Records for this task —
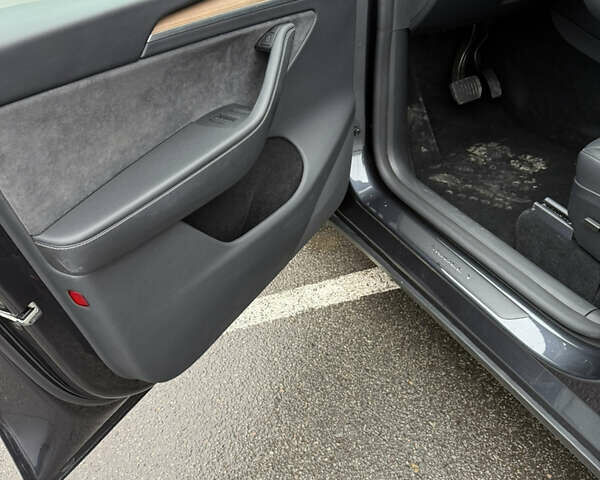 Сірий Тесла Model Y, об'ємом двигуна 0 л та пробігом 16 тис. км за 32900 $, фото 4 на Automoto.ua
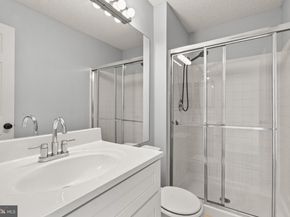 3903 Golf Tee Court 301, Fairfax VA 22033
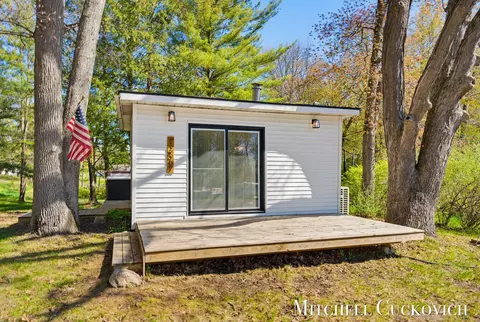 12567 Mcmurty Dr NE, Sand Lake, MI 49343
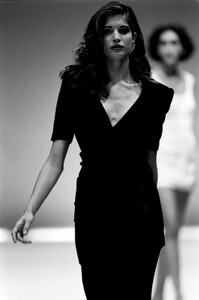 StephanieSeymour_GianfrancoFerreSS1992_05.jpg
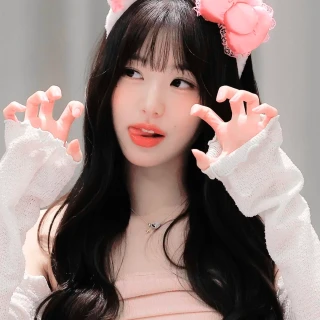 240126-wonyoung-v0-b8wam5z1912h1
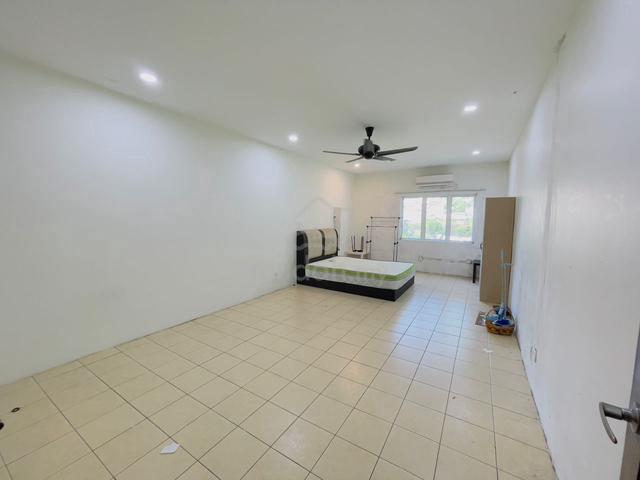 SRI PETALING walking distance to Radin Bagus (BIG Room can fit 2pax) 1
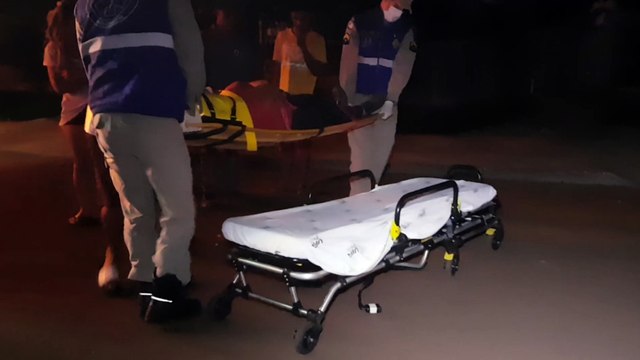 Garupa de moto é socorrida pelo Siate após sofrer queda no Bairro Cataratas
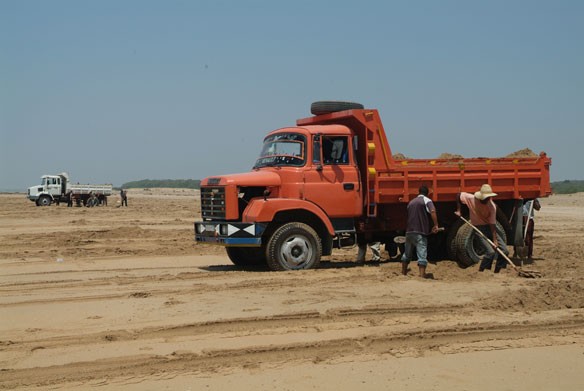 sand-mining-coastal-care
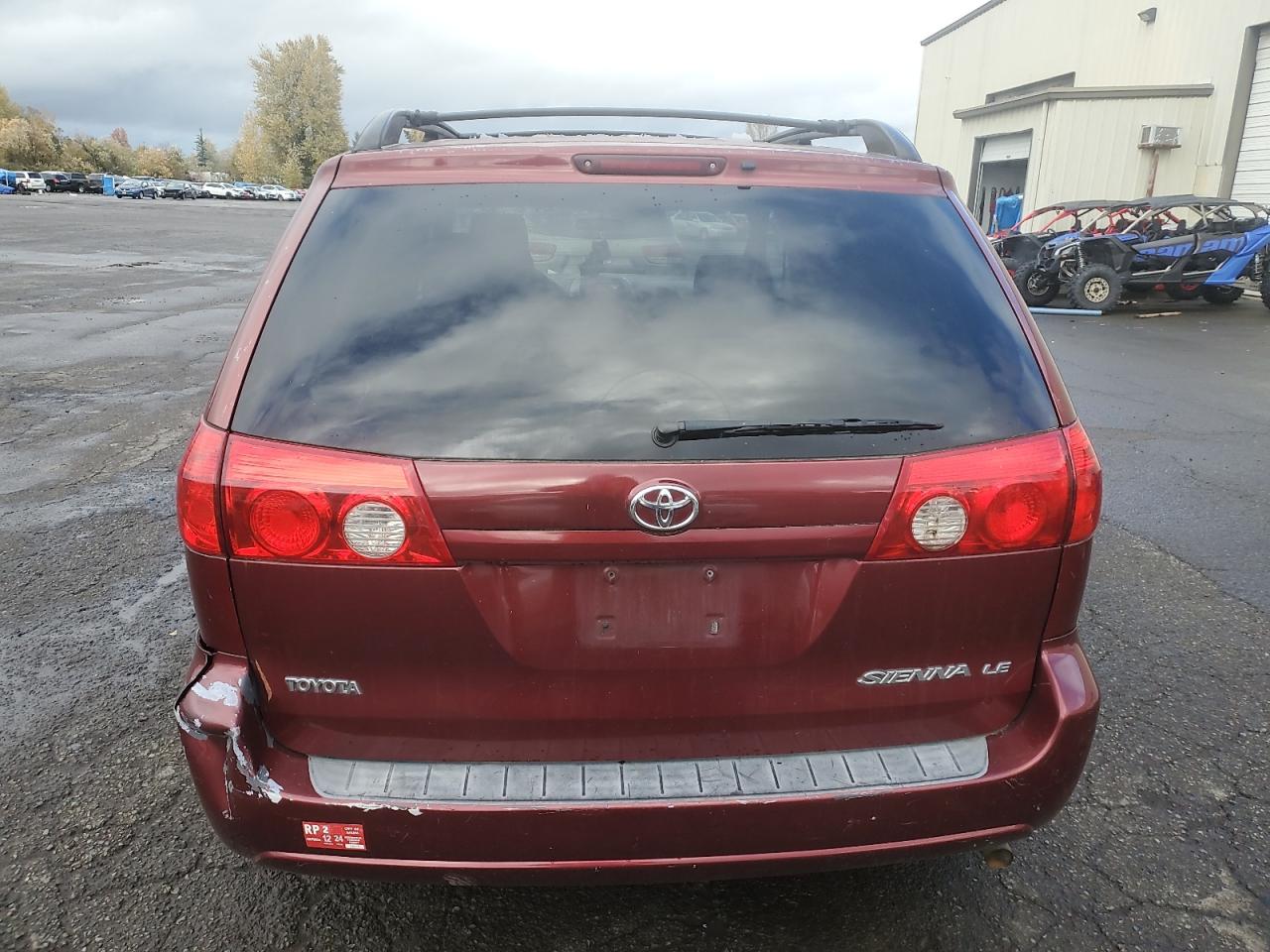 Lot #2989443626 2007 TOYOTA SIENNA CE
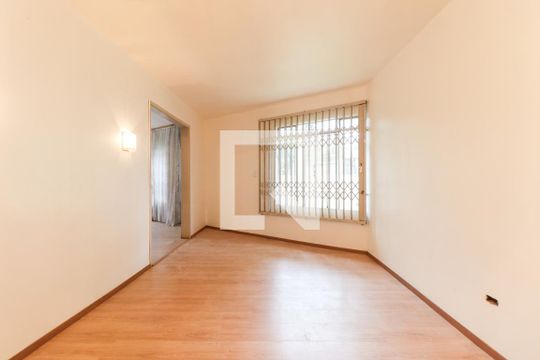 Sala de TV de casa à venda com 3 quartos, 170m² em Jardim das Américas, Curitiba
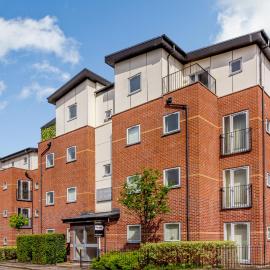 Chapel Court Apartments, hotell i Cannock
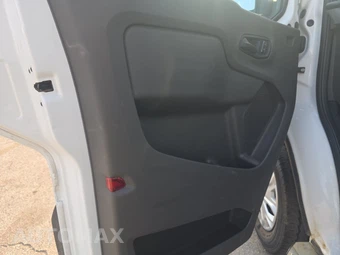 2025 Ford Transit 250 Cargo Van Low Roof 130.0" WB - miniatura 9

Assignment —
Produce an exact copy of the lines from the line containing "StephanieSeymour_GianfrancoFerreSS1992_05.jpg" through the last line of the records, with no pictures and no other text.

Solution below —
 StephanieSeymour_GianfrancoFerreSS1992_05.jpg
 240126-wonyoung-v0-b8wam5z1912h1
 SRI PETALING walking distance to Radin Bagus (BIG Room can fit 2pax) 1
 Garupa de moto é socorrida pelo Siate após sofrer queda no Bairro Cataratas
 sand-mining-coastal-care
 Lot #2989443626 2007 TOYOTA SIENNA CE
 Sala de TV de casa à venda com 3 quartos, 170m² em Jardim das Américas, Curitiba
 Chapel Court Apartments, hotell i Cannock
 2025 Ford Transit 250 Cargo Van Low Roof 130.0" WB - miniatura 9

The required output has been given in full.